**PROBLEM DETAILS**
Across the listing that follows, work out how many lines carry the string "this". Provide that number and nothing else.

**RECORD EXCERPTS**
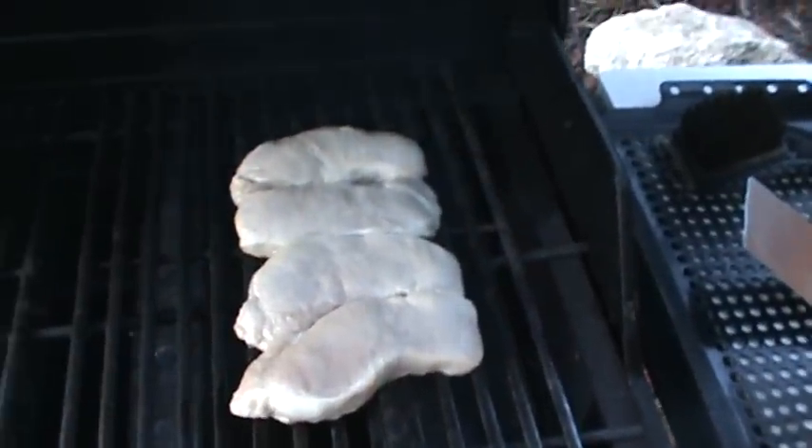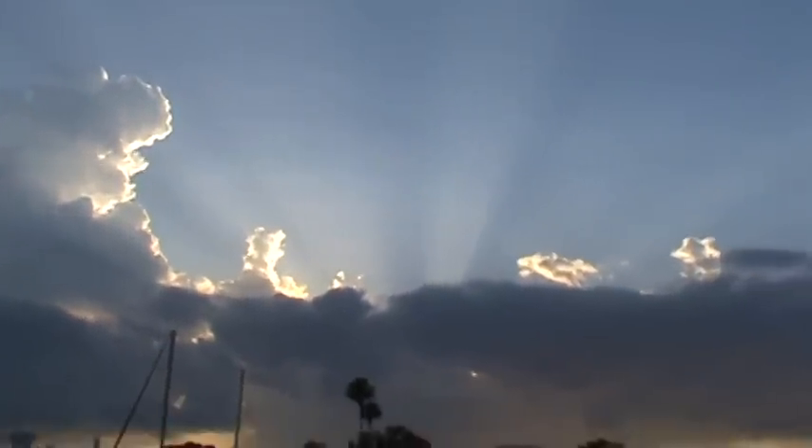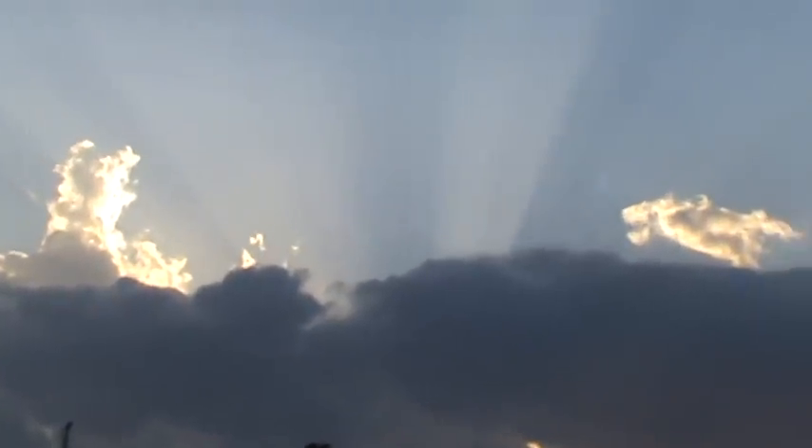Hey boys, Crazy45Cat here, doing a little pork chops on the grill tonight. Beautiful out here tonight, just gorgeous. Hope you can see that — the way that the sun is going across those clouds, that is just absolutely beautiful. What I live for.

...

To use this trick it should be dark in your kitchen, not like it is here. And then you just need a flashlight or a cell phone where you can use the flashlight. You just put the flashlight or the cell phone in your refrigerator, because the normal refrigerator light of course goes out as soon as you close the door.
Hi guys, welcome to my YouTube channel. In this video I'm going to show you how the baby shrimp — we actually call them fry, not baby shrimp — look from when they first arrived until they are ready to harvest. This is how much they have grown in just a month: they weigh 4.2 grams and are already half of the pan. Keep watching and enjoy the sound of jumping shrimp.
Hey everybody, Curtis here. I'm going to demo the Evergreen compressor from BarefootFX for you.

**RESPONSE AREA**
2